Work request:
From the line that holds "Gardening Vintage Style" down to the last line of the listing below, reproduce each line exactly and nothing more, omitting pictures.

Provided data:
----
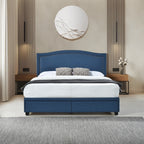 SH2711BLUK-1EK KING BED W/FB STORAGE, NAILHEAD, 8 SLATS & 6 SUPPORT LEGS, BLUE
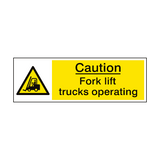 Caution Fork Lift Truck Hazard Sign - PVC Safety Signs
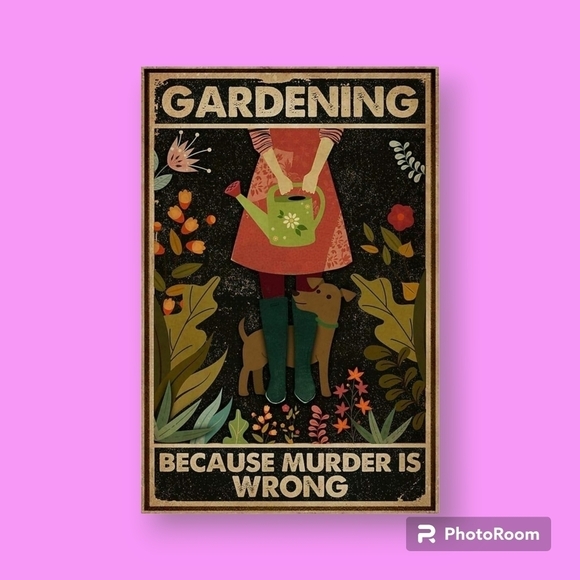 Gardening Vintage Style Tin Metal Sign - Picture 1 of 5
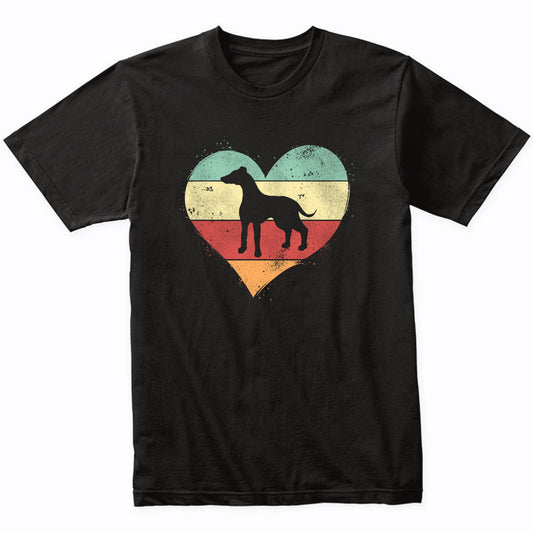 Retro Heart Greyhound Dog Breed Silhouette Dog Owner Love T-Shirt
----
Task response:
 Gardening Vintage Style Tin Metal Sign - Picture 1 of 5
 Retro Heart Greyhound Dog Breed Silhouette Dog Owner Love T-Shirt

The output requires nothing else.